Measure the distance between your old plug and the new plug, as you are going to have to feed wire through the wall. Make sure you add a foot or more of extra wire for handling. Use a remodel wire box, so you don’t have to cut a big hole to mount the box. Secure it in place, and feed the wires into the box. Then, mount the new outlet similarly to how the old one was mounted (or per instructions if it is different).
Attach the new wire to the old, and cover the old plug with a solid wall plate. If you want to be professional, cover it in with drywall and patch accordingly. Then, turn on the breaker, and you have an appropriately-placed outlet.
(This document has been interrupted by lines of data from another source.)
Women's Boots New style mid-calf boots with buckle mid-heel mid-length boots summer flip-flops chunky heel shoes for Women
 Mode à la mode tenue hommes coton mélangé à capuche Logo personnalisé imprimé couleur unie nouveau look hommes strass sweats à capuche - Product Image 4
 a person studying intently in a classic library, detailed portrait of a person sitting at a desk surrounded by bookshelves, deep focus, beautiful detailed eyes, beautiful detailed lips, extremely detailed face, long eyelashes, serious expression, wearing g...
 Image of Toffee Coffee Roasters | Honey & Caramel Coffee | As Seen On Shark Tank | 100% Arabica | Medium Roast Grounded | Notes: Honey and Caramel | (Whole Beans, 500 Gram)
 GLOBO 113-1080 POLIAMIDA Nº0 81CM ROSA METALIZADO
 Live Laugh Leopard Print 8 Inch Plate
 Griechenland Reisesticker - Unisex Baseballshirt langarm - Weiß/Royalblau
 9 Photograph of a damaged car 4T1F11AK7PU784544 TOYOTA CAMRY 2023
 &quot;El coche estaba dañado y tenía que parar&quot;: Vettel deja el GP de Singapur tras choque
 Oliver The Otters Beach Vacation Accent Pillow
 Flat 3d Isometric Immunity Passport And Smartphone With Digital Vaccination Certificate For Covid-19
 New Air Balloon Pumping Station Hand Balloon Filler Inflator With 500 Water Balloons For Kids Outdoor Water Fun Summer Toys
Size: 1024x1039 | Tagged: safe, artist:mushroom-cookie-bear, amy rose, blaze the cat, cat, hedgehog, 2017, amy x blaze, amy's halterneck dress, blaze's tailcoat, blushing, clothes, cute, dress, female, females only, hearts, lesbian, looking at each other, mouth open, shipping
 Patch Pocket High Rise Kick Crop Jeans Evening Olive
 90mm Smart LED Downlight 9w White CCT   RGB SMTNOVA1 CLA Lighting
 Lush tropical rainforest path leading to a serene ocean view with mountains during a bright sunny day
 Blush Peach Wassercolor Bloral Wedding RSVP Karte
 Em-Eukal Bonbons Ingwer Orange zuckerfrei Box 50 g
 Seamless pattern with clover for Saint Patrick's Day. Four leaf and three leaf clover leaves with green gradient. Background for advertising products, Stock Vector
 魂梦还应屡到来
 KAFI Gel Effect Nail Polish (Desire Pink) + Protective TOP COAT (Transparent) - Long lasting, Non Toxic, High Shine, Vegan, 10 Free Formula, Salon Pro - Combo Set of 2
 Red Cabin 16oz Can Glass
Note: Don’t use these instructions as a step-by-step plan. These are simply written to give you an idea of the work involved in moving the location of an outlet. It is relatively simple, but if you don’t fully understand how to work with electrical wiring and outlets, don’t do it! Electricity is dangerous, and you can save a lot of time and trouble by simply hiring a licensed electrician.
Select the Right Height
The height at which you place your art and your lighting is crucial to making it look professional. Typically, artwork should be at eye level. For most people, that means the center of the art should be 57 to 60 inches off of the ground. The height of the lighting can vary, but it should shine directly at the artwork to avoid shadowing. Picture lamps are designed to give a good angle of light, but adjustable recessed lighting is an attractive modern alternative. It is recommended in most cases to hire an electrician to install lighting to prevent fire hazards.
Select the Right Bulb
When it comes to bulbs, the answers for most artwork illumination lie in the Color Rendering Index (CRI). This is a scale that compares natural sunlight (with a CRI of 100) to artificial lighting, so you want to choose as high of a CRI as you can find. Choosing an appropriate high-value CRI will give you clear, crisp light that will not alter the colors on the artwork. You can also adjust lighting based on correlated color temperature, or CCT. This alters the warmth of the light from warm to cool lighting colors.
Natural light is almost always the best color of light for artwork, and since actual natural light can harm art with ultraviolet radiation, getting a bulb with a high CRI value is almost always a good thing. However, you must also consider the ambience of the room. In certain situations, such as dining rooms with warm light from chandeliers, the overall feeling of the room may be altered by putting natural, bright light into it. Don’t use CRI recommendations as a rule but rather a recommendation based on typical circumstances. If the art is important, it can be assumed that you want to light it correctly. This would be an incorrect notion if the ambience of the room is more important.
Make Your Artwork Look and Feel Professional
Everyone has their own, unique desires and resources available to hang artwork. In some cases, the dedicated parent may spend the time and money required to frame and light their child’s artwork. In other cases, it requires a painting or a photograph by a notable artist to warrant the expenditures. Understanding the basics about how to light your artwork like a professional can give you the understanding of the potential for your art pieces. They don’t have be hung in unlit portions of the room where they blend into the walls. Instead, they can be illuminated, and the quality of the art will add to the quality of the room design. The biggest things to remember are that plugs should be in the right place, height matters, and lighting quality does make a difference.